Fragen wirft auf, dass della Valle noch bis Ende Januar im Amt bleibt, also noch genügend Zeit hätte, um sich eine neue Stelle zu suchen. Der Fall hat denn auch im Ständerat zu reden gegeben, als dieser über einen Vorstoss debattierte, der die Abschaffung von Abgangsentschädigungen beim Topkader von Bund und bundesnahen Unternehmen verlangt.
Aufgrund des sicheren Arbeitsverhältnisses und des ausgebauten Kündigungsschutzes beim Bund sind Abgangsentschädigungen gerade beim gut besoldeten, obersten Kader nicht gerechtfertigt.
Für den Berner SVP-Ständerat Werner Salzmann unterstreicht das Beispiel, weshalb solche Entschädigungen falsch sind. «Aufgrund des sicheren Arbeitsverhältnisses und des ausgebauten Kündigungsschutzes beim Bund sind Abgangsentschädigungen gerade beim gut besoldeten, obersten Kader nicht gerechtfertigt.» In der Privatwirtschaft – bei börsenkotierten Gesellschaften – seien solche Vergütungsbestandteile wegen der «Abzocker-Initiative» bereits seit zehn Jahren verboten, betont Salzmann.
«Ermöglicht eine flexible Personalpolitik»
Die Urner Mitte-Ständerätin Heidi Z'graggen hat sich im Namen der Mehrheit der staatspolitischen Kommission für die Entschädigungen starkgemacht, «weil sie eine flexible Personalpolitik ermöglicht, besonders bei personellen Veränderungen infolge neuer Führungskräfte». So müssten neugewählte Mitglieder der Landesregierung das Personal in ihrem Umfeld rasch auswechseln können, um ihre Vision zu verwirklichen, so Z'graggen.

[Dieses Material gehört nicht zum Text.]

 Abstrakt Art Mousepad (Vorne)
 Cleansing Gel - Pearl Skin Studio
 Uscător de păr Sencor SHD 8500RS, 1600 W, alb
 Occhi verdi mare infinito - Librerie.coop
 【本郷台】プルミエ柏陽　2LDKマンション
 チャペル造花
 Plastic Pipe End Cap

Der Fall della Valle hat im Ständerat bei Vielen ein Umdenken bewirkt. In der Kommission habe er sich noch der Stimme enthalten, hat der Waadtländer Pierre-Yves Maillard von der SP bekannt gegeben. Jetzt sehe es für ihn anders aus. In der Kommission sei man informiert worden, dass Abgangsentschädigungen höchstens einen halben Jahreslohn ausmachen würden. Jetzt erfahre er, dass della Valle einen Jahreslohn erhalte, wundert sich Maillard.

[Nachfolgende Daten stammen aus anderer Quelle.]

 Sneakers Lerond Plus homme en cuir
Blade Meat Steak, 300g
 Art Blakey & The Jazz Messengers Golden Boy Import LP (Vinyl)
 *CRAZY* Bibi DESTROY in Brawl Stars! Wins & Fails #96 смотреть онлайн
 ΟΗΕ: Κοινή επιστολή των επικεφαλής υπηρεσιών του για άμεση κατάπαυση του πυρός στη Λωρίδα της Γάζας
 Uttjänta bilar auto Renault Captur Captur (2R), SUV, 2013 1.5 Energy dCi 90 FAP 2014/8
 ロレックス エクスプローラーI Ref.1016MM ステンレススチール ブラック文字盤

Auch die Tatsache, dass das Justizdepartement in der Pressemitteilung von einem «Rücktritt» della Valles gesprochen hat, macht Ständeräte stutzig. Der Zuger Mitte-Vertreter Peter Hegglin ist Präsident der Finanzdelegation des Parlaments. Sie wird vom Bundesrat periodisch über Abgangsentschädigungen informiert.

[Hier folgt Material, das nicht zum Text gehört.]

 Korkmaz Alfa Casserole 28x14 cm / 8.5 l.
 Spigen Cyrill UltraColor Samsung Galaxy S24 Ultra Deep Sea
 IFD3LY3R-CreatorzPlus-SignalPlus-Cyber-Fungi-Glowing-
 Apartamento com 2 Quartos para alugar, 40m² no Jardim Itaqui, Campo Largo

Bei einem Rücktritt gibt es keine Abgangsentschädigung.
Ohne sich zum konkreten Fall della Valle äussern zu wollen, hält Hegglin grundsätzlich fest: «Bei einem Rücktritt gibt es keine Abgangsentschädigung.» Das Parlament gibt sich damit nicht zufrieden. Die Geschäftsprüfungskommission will sich des Falls annehmen, wie Ständerat Salzmann bekannt gibt: «Dieser Fall wird untersucht, wir werden alle Fälle untersuchen.»
Finanzdelegations-Präsident Hegglin hat zwar gegen die Abschaffung der «goldenen Fallschirme» gestimmt. Er begrüsst aber, dass man das Thema weiterverfolgt: «Wenn Handlungsbedarf besteht, kann es angepasst werden.»
Mit der Frage der Abgangsentschädigungen wird sich als Nächstes die staatspolitische Kommission des Nationalrates beschäftigen. Ist auch sie für die Abschaffung, wird das Parlament über eine entsprechende Vorlage debattieren können.